筆趣閣 > 全軍列陣 >第一百二十七章 見招
    “學生求陛下三次才能來雲州,這三次,學生自己心裏其實也不好過,幸好是先生在這。”

    謝夜闌這話說出來後,金勝往就懂了。

    世子有個不靠譜的父親,不靠譜到匪夷所思。

    業郡王自從監軍北野後,回到歌陵便像是徹底放棄了自己。

    家有妻兒卻不顧家,身有官職卻不爲官,整日留宿青樓,雙目之內皆爲紅顏,渾身上下都是風塵。

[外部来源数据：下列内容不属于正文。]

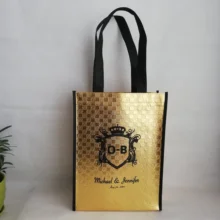 На заказ ваш логотип сумки для покупок 500 шт./лот блестящие металлические лазерные Нетканые Рекламные продуктовые магазины рынок золотые сумочки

    但在這之前,他其實也大抵如此,是歌陵城裏有名的廢物王爺。

    所以世子從很小時候就知道,靠他不如靠自己。

    世子三次求陛下,一次是爲他自己,陛下不準,世子也就該有自知之明,當懂本分,有了這一次也就該罷休纔對。

    世子第二次求陛下是爲他的後人着想,他爹不顧他,他不能不顧子孫後代。

    玉天子再次否了他,可世子還有第三次,第三次是爲金勝往。

    雲州城的人都知道金大人是科舉出身,並無背景靠山。

    那是因爲金大人自己從不提及,他在入仕之前,便是業郡王府裏那個四歲孩子的啓蒙先生。

    說來也可笑。

    堂堂郡王府會請當時不過一白丁的金勝往爲世子啓蒙先生,是因爲沒錢。

    業郡王揮霍無度,俸祿封賞都被他一人花了,郡王府裏連喫穿用度都要靠人接濟。

    王妃請金勝往來,是因爲金勝往不要錢,只管喫住即可。

    因爲那時候金勝往孤身一人到歌陵準備科舉,也是舉目無親,能有一處容身之地,自然最好。

    他從不提及自己是世子的老師,可能也是覺得,業郡王的名聲實在太爛。

    這履歷不會讓他好不容易纔得來的錦衣更爲華美,反而還會讓這錦衣上多一二污點。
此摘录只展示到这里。